**YOUR GOAL:** Output all records below verbatim.

**SUPPLIED DATA:**

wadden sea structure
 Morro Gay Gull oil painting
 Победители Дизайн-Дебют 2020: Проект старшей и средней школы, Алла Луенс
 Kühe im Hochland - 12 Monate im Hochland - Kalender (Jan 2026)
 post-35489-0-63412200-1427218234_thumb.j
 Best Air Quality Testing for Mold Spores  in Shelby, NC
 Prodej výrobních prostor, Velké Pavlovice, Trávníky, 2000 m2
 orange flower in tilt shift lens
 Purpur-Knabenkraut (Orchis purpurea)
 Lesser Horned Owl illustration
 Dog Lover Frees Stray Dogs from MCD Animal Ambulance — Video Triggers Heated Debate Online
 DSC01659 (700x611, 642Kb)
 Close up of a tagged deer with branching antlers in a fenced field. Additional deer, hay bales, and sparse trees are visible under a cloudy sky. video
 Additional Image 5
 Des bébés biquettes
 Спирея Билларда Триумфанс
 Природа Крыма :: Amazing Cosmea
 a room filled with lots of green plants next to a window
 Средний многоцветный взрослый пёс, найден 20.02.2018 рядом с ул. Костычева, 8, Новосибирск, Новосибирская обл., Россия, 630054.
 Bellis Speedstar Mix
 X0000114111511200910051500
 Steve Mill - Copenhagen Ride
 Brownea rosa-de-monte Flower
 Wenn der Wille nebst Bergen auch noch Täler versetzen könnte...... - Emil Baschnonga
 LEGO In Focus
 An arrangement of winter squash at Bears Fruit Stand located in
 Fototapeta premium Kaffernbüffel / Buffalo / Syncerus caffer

**SOLVED PROBLEM:**
wadden sea structure
 Morro Gay Gull oil painting
 Победители Дизайн-Дебют 2020: Проект старшей и средней школы, Алла Луенс
 Kühe im Hochland - 12 Monate im Hochland - Kalender (Jan 2026)
 post-35489-0-63412200-1427218234_thumb.j
 Best Air Quality Testing for Mold Spores  in Shelby, NC
 Prodej výrobních prostor, Velké Pavlovice, Trávníky, 2000 m2
 orange flower in tilt shift lens
 Purpur-Knabenkraut (Orchis purpurea)
 Lesser Horned Owl illustration
 Dog Lover Frees Stray Dogs from MCD Animal Ambulance — Video Triggers Heated Debate Online
 DSC01659 (700x611, 642Kb)
 Close up of a tagged deer with branching antlers in a fenced field. Additional deer, hay bales, and sparse trees are visible under a cloudy sky. video
 Additional Image 5
 Des bébés biquettes
 Спирея Билларда Триумфанс
 Природа Крыма :: Amazing Cosmea
 a room filled with lots of green plants next to a window
 Средний многоцветный взрослый пёс, найден 20.02.2018 рядом с ул. Костычева, 8, Новосибирск, Новосибирская обл., Россия, 630054.
 Bellis Speedstar Mix
 X0000114111511200910051500
 Steve Mill - Copenhagen Ride
 Brownea rosa-de-monte Flower
 Wenn der Wille nebst Bergen auch noch Täler versetzen könnte...... - Emil Baschnonga
 LEGO In Focus
 An arrangement of winter squash at Bears Fruit Stand located in
 Fototapeta premium Kaffernbüffel / Buffalo / Syncerus caffer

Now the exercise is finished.